In some ways, this is a return to ‘normal’ (i.e., the QE world was an historical aberration). In the new normal, the emphasis will likely shift towards the fundamentals: macroeconomic data and corporate fundamentals will have a greater influence on price action. In this light, we note the deterioration in our aggregate US macro data quant signal: after being positive since 2012, it now stands at neutral. Clearly, markets have already priced in this decline, so whether the signal deteriorates further or improves from here will be key. We expect all eyes to be on the fourth quarter corporate earnings season, which is just starting.

 

What’s in the price?

What the market already prices is of course a key consideration. As discussed above, with macroeconomic data already deteriorating and equity markets around 20% off their year-ago highs, a lot of bad news is already in the price.

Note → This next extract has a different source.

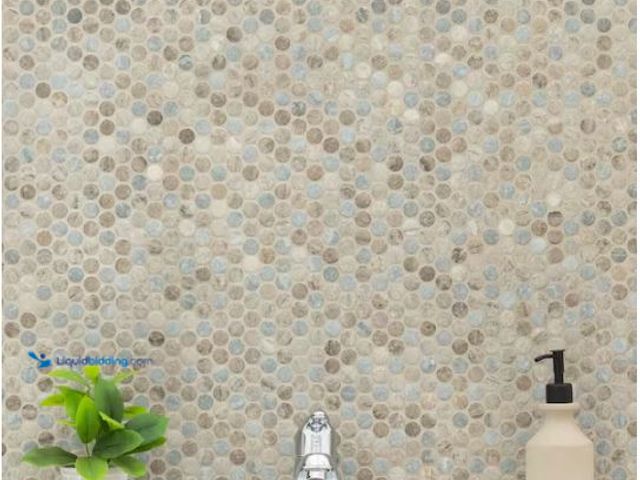 Lot 49-1627304 - Approx (15) sq ft of MSI Stonella Penny Round 12 in. x 12 in. x 0.24 in. Glass Mesh-Mounted Mosaic W...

Put differently, previously elevated valuations have corrected sharply – e.g., the S&P 500 P/E ratio sagged from 20 points to around 14.5 currently, a level last seen in 2013.

Here our macroeconomic scenario, which models plausible states of the world given the available information and the potential evolution of various factors, comes in to play. As shown, for example, in Exhibit 5 for the S&P 500, US stocks have started pricing in the more bearish scenarios, but clearly, they could have further to run compared to our most bearish expectations.

We are at a crossroads, both in terms of the deterioration in the macroeconomic data and in terms of market pricing. In light of this uncertainty, we closed our tactical equity longs in December. We are structurally neutral on the asset class.

 

Exhibit 5: S&P 500 scenario analysis

sp500-scenario-analysis

Source: Bloomberg and BNPP AM, as of 09/01/2019

 

Looking at valuations and what is priced in, we note that EM equities have fared much better in recent weeks, not participating in the meltdown seen by G10 equities (Exhibit 6). Better valuations (read previous underperformance) have surely helped. Now that the market is also pricing out further Fed rate rises, there is further support for the asset class.

But as we have said before, to expect significant (outright) upside for EM assets, three conditions must be satisfied: i) a dovish Fed, ii) more policy easing in China, and iii) an easing of trade tensions between the US and China. On all three fronts, we are not yet convinced that enough progress has been made, but this remains on our radar screen for 2019.

 

Exhibit 6: EM equities outperforming recently

em-equities-outperforming-recently

Source: Bloomberg and BNPP AM, as of 09/01/2019

 


Views expressed are those of the Investment Committee of MAQS, as of January 2019. Individual portfolio management teams outside of MAQS may hold different views and may make different investment decisions for different clients.